Using Prepared Statements

The mysqli library supports the use of prepared statements. They are useful for speeding up execution when you are performing large numbers of the same query with different data. They also protect against SQL injection-style attacks.

The basic concept of a prepared statement is that you send a template of the query you want to execute to MySQL and then send the data separately. You can send multiple lots of the same data to the same prepared statement; this capability is particularly useful for bulk inserts.

You could use prepared statements in the insert_book.php script, as follows:

$query = "insert into books values(?, ?, ?, ?)";
$stmt = $db->prepare($query);
$stmt->bind_param("sssd", $isbn, $author, $title, $price);
$stmt->execute();
echo  $stmt->affected_rows.' book inserted into database.';
$stmt->close();

Let’s consider this code line by line.

When you set up the query, instead of substituting in the variables as done previously, you put in question marks for each piece of data. You should not put any quotation marks or other delimiters around these question marks.

The second line is a call to $db->prepare(), which is called mysqli_stmt_prepare() in the procedural version. This line constructs a statement object or resource that you will then use to do the actual processing.

The statement object has a method called bind_param(). (In the procedural version, it is called mysqli_stmt_bind_param().) The purpose of bind_param() is to tell PHP which variables should be substituted for the question marks. The first parameter is a format string, not unlike the format string used in printf(). The value you are passing here ("sssd") means that the four parameters are a string, a string, a string, and a double, respectively. Other possible characters in the format string are i for integer and b for blob. After this parameter, you should list the same number of variables as you have question marks in your statement. They will be substituted in this order.

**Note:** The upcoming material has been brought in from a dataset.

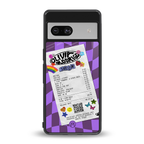 olivia rodrigo back phone cover | glass case for Google Pixel 7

The call to $stmt->execute() (mysqli_stmt_execute() in the procedural version) actually runs the query. You can then access the number of affected rows and close the statement.

So how is this prepared statement useful? The clever thing is that you can change the values of the four bound variables and re-execute the statement without having to reprepare. This capability is useful for looping through bulk inserts.

As well as binding parameters, you can bind results. For SELECT type queries, you can use $stmt->bind_result() (or mysqli_stmt_bind_result()) to provide a list of variables that you would like the result columns to be filled into. Each time you call $stmt->fetch() (or mysqli_stmt_fetch()), column values from the next row in the resultset are filled into these bound variables. For example, in the book search script you looked at earlier, you could use

$stmt->bind_result($isbn, $author, $title, $price);

to bind these four variables to the four columns that will be returned from the query. After calling

$stmt->execute();

you can call

$stmt->fetch();

in the loop. Each time this is called, it fetches the next result row into the four bound variables.

You can also use mysqli_stmt_bind_param() and mysqli_stmt_bind_result() in the same script.